In spite of this mal-aise or dis-ease, Easter brings hope, faith and love into our cold and indifferent hearts, into our failed certitudes and the hopeful threshold to a “new world”.
I can’t remember if we discussed this, or you even introduced me to it, sometime, but it sprang to mind reading your description of “the lonely organist and choirmaster doing what he could with many of his men called to active service”:
https://film.britishcouncil.org/resources/film-archive/message-from-canterbury
Let us hope, humbly!
Since my childhood, I have been fascinated by the war. My grandfather was captured at Dunkerque in 1940 and spent the next 5 years in an Oflag near Linz. He suffered too much to talk about his experience at length. I have read a number of books about the rise of the dictators, especially Hitler, and how civilisation finally defeated them. On a philosophical level, I recommend Alan Jacobs, The Year of Our Lord 1943: Christian Humanism in an Age of Crisis. It was one thing to defeat the Nazis, another to find our humanity in the rubble. They must have been horrible days to live through. My mother saw planes shooting at each other over her home in Surrey in 1940. My father was at school and saw York railway station marshalling yards bombed. They were both lucky to be so young. Fr Montgomery Wright related a lot about his time as curate at Holy Trinity Hoxton during the war and going down to the air raid shelter with his flock. Brideshead Revisited beautifully describes the ending of an old world and the grimness of wartime.
Thank you for this!
I only lately learned there were two versions of Brideshead, and am now looking forward to reading the original.
Have we ever talked about William Hilsley, who composed music while in IIag VIII in Silesia? This is the only performance I can find online of a part of the Ordinary of the Mass he composed, there for some priests with whom he was interned:
There is a Herbert Howells Appreciation Society on Facebook. Another thing to understand this fine gentleman was that he never really recovered from the loss of his son Michael (his hymn tune to All my hope on God is founded is named after Michael). I briefly met Howells in Worcester at the 1979 Three Choirs Festival and he signed a book of his music for me.
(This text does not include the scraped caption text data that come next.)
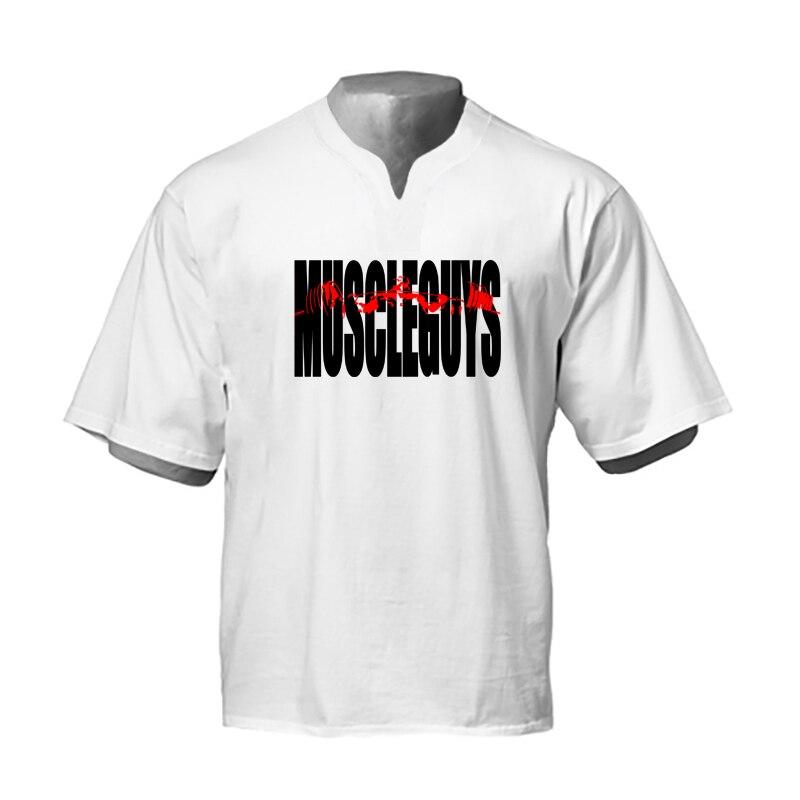

Muscleguys, летняя хлопковая повседневная футболка с короткими рукавами, новые поступления, простая мужская футболка с принтом, свободная одежда для фитнеса XXL белый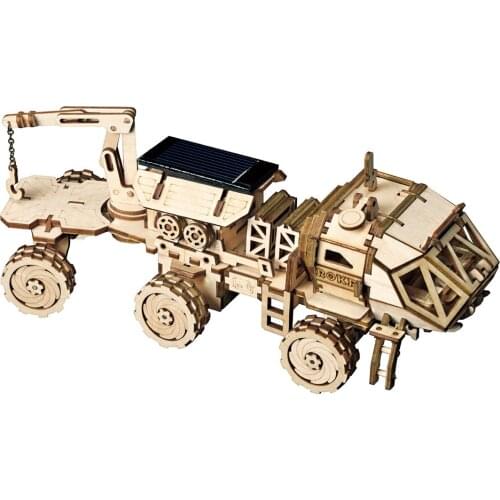 Robotime 3D DIY Discovery Rover Solar Energy Space Hunting Wooden Model Building Kits Popular Toys for Children Adult LS504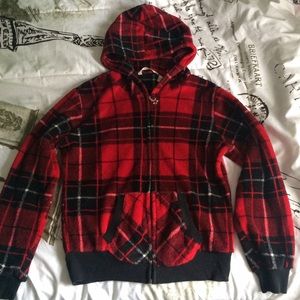 Red Plaid Zip Up Sweater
His motet, ‘Take him, earth, for cherishing’, made me think of him as ‘recent’, but I had not registered how long-lived he was, nor, until I looked at the Wikipedia ‘List of compositions by Herbert Howells’, how active he was composing into the late 1970s, despite his enduring sorrow.
Here is an essay on Howells by Richard Lloyd, former organist of Durham Cathedral, who died today. Rest in peace. The Church Music of Herbert Howells.
Belated thanks!
What a fine address, with a vivid wealth of historical detail in little space about a living tradition of music, and succinct discussions of inidividual works that leave me wanting to embark on a course of listening to all I can find on YouTube while rereading them. And I am left wanting to know much more about Richard Lloyd, as well. Repeated thanks!
I think I once met Richard Lloyd when I was an apprentice at Harrisons. This gives some idea of him. The English church music world is unique in the world, rivalled perhaps only by Germany and Austria. It was a great privilege to have sung in choirs and to know the repertoire and the routine of Anglican services.